── DATA IN THIS EXERCISE

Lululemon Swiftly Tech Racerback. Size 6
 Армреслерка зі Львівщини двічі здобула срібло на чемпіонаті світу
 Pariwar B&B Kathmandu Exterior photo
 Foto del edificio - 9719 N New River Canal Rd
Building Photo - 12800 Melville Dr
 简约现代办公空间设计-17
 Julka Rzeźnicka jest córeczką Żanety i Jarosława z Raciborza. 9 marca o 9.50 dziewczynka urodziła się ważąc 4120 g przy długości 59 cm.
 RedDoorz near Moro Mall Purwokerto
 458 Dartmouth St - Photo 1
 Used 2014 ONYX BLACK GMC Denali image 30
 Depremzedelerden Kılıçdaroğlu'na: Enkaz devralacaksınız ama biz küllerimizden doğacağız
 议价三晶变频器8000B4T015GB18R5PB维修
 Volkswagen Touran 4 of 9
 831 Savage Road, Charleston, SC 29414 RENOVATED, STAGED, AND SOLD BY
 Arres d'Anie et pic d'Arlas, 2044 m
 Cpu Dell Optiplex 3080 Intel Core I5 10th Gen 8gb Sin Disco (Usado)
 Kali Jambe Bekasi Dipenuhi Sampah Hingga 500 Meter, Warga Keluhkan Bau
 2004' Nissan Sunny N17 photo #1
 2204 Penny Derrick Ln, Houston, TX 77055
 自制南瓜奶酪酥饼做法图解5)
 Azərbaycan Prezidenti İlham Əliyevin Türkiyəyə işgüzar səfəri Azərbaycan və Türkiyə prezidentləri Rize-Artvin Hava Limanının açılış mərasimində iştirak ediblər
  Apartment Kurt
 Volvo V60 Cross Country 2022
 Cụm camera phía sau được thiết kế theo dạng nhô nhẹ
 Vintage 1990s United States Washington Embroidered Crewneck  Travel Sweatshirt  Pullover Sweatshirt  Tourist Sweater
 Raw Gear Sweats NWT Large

────

> _WHAT YOU NEED TO DO_: All lines in the listing above from the line containing "Arres d'Anie et pic d'Arlas, 2044 m" to the line containing "Apartment Kurt", inclusive, should be retyped exactly; no other lines should appear.

> _WRITTEN ANSWER_:
 Arres d'Anie et pic d'Arlas, 2044 m
 Cpu Dell Optiplex 3080 Intel Core I5 10th Gen 8gb Sin Disco (Usado)
 Kali Jambe Bekasi Dipenuhi Sampah Hingga 500 Meter, Warga Keluhkan Bau
 2004' Nissan Sunny N17 photo #1
 2204 Penny Derrick Ln, Houston, TX 77055
 自制南瓜奶酪酥饼做法图解5)
 Azərbaycan Prezidenti İlham Əliyevin Türkiyəyə işgüzar səfəri Azərbaycan və Türkiyə prezidentləri Rize-Artvin Hava Limanının açılış mərasimində iştirak ediblər
  Apartment Kurt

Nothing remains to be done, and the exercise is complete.